Data for this exercise section start
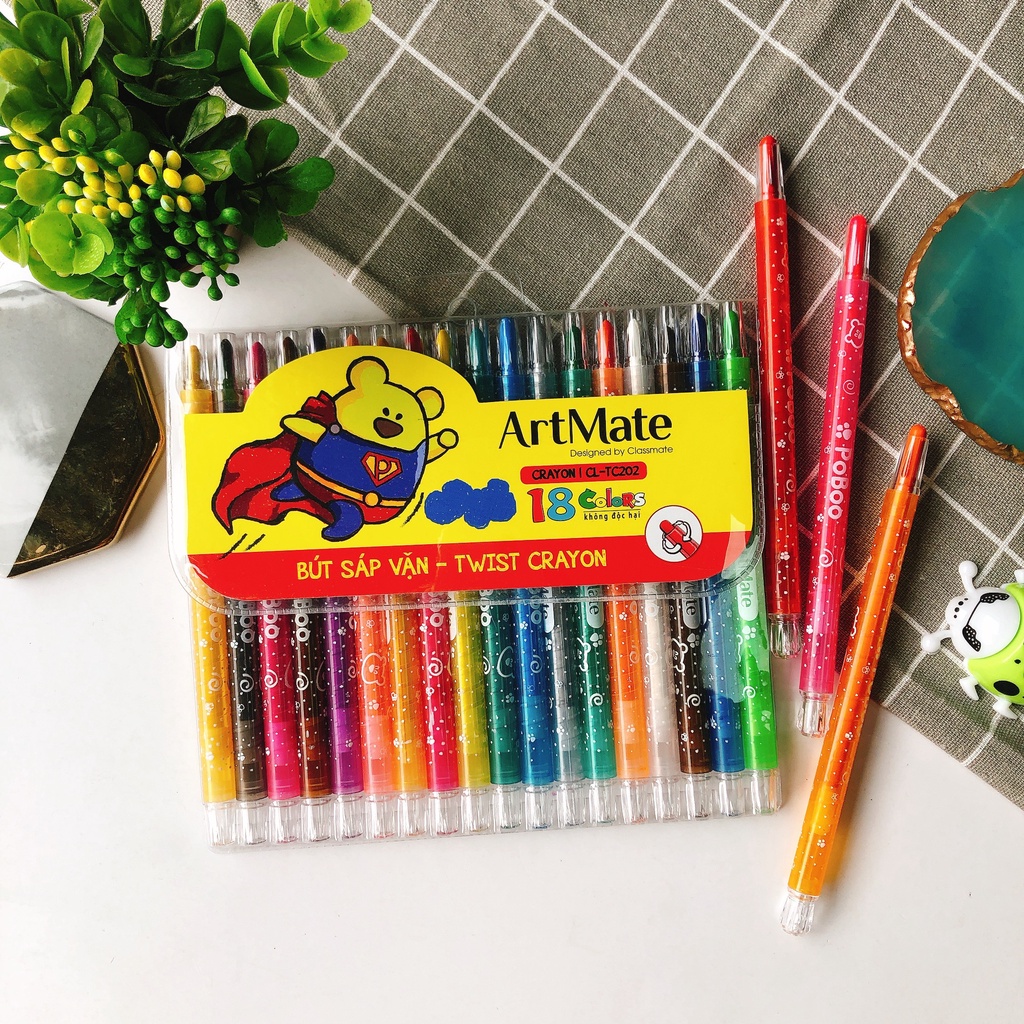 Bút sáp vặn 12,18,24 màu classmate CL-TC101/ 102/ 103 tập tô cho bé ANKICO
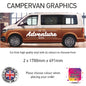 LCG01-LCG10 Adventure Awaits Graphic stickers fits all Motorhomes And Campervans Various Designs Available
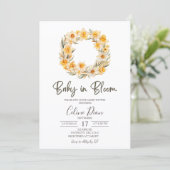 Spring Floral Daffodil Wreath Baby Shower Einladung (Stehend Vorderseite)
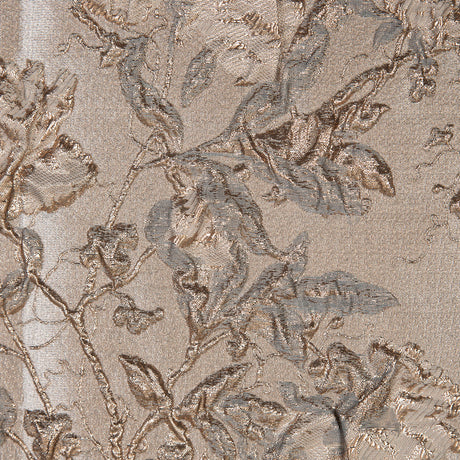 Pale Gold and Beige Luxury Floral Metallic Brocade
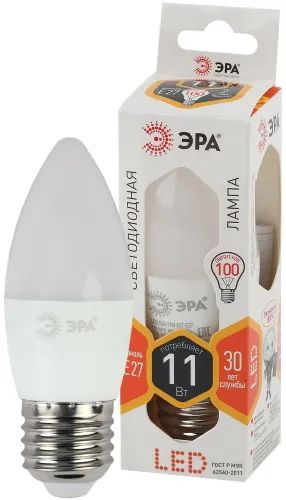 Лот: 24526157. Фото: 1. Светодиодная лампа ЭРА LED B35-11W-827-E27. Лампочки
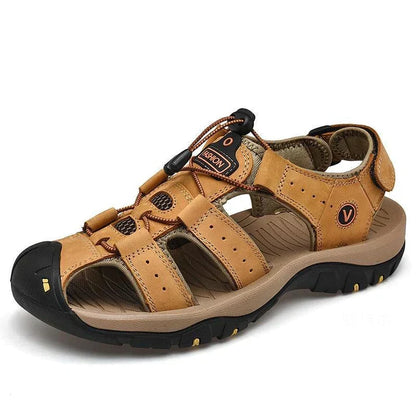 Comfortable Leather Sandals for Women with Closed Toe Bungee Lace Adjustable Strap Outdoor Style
Data for this exercise section end
--- Work item ---
Copy the entries above exactly from the line with "Лот: 24526157. Фото: 1." down to their last line, both ends included. Do not copy any pictures.

--- Task output ---
 Лот: 24526157. Фото: 1. Светодиодная лампа ЭРА LED B35-11W-827-E27. Лампочки
 Comfortable Leather Sandals for Women with Closed Toe Bungee Lace Adjustable Strap Outdoor Style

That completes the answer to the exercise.